= California Complete Count Committee =

The California Complete Count Committee (Committee) is both appointed by the California governor and charged to develop and implement a statewide outreach and awareness campaign to ensure all Californians are counted in the decennial census. Complete Count Committees establish a partnership with the US Census Bureau. More than $435 billion is distributed to states on the basis in whole, or in part, on census data.

== History ==
The committee was first created after a large undercount was found in California after the 1990 decennial census. It is estimated that because of the undercount, California lost billions of dollars in federal resources and congressional representation.

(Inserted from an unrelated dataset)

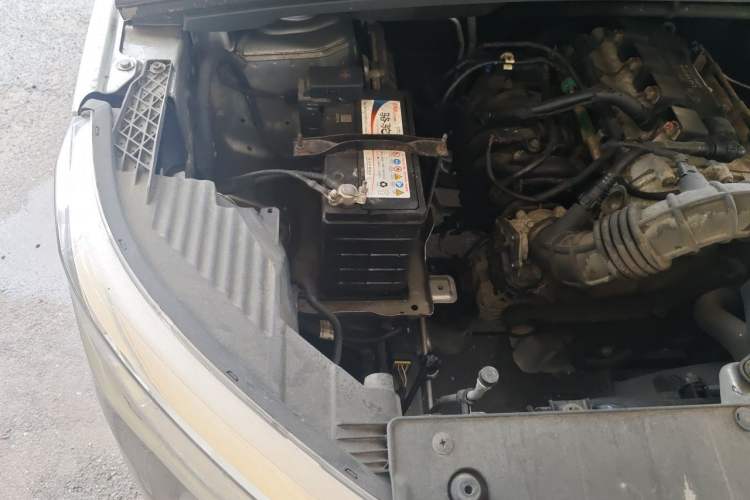 Used Wuling Hongguang PLUS 2021 Commercial Version 1.5L Manual Standard Edition 7-Seater Engine Bay Right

== 2000 California Complete Count Committee ==

The 2000 California Complete Count Committee included 18 statewide leaders and was created by Executive Order D-11-99 by Governor Grey Davis. The committee was allocated $24.7 million through Senate Bill 711 to conduct a first of its kind statewide outreach campaign. In 2000 the United States United States Census Bureau estimated California's mail back response rate to be the same as that of 1990, 58%. California attained a 70% mail back response rate, which was 2-3% above the national average United States Census Bureau: 2000 Mail Back Response Rates.

Analysis shows that the 2000 California Complete Count Committee increased the mail back response rate by up to 8% where the Committee focused its efforts. This multi-lingual, multi-media advertising and outreach campaign was the first to coin the term “trusted messengers” as a key strategy to reach undercounted populations.

== 2010 California Complete Count Committee ==

In 2009, Governor Arnold Schwarzenegger created a California Complete Count Committee for the 2010 decennial census by Executive Order S-10-09. The committee is composed of 52 members representing public office, community-based organizations and business. The Executive Order prescribes that the Committee focus its outreach on Hard-to-Count regions and traditionally Hard-to-Count groups, like men ages 18–25 or children.

== Hard-to-Count and Population in California ==

California's Hard-to-Count scores higher than the national average with groups that are "linguistically isolated" or live in "overcrowded units".

California obtains 10 of the top 50 Hard-to-Count Counties in the nation, including the number 1 Hard-To-Count County: Los Angeles.

With approximately 12% of the nation's population, California has more than 30% of the Hard-to-Count populations in the nation.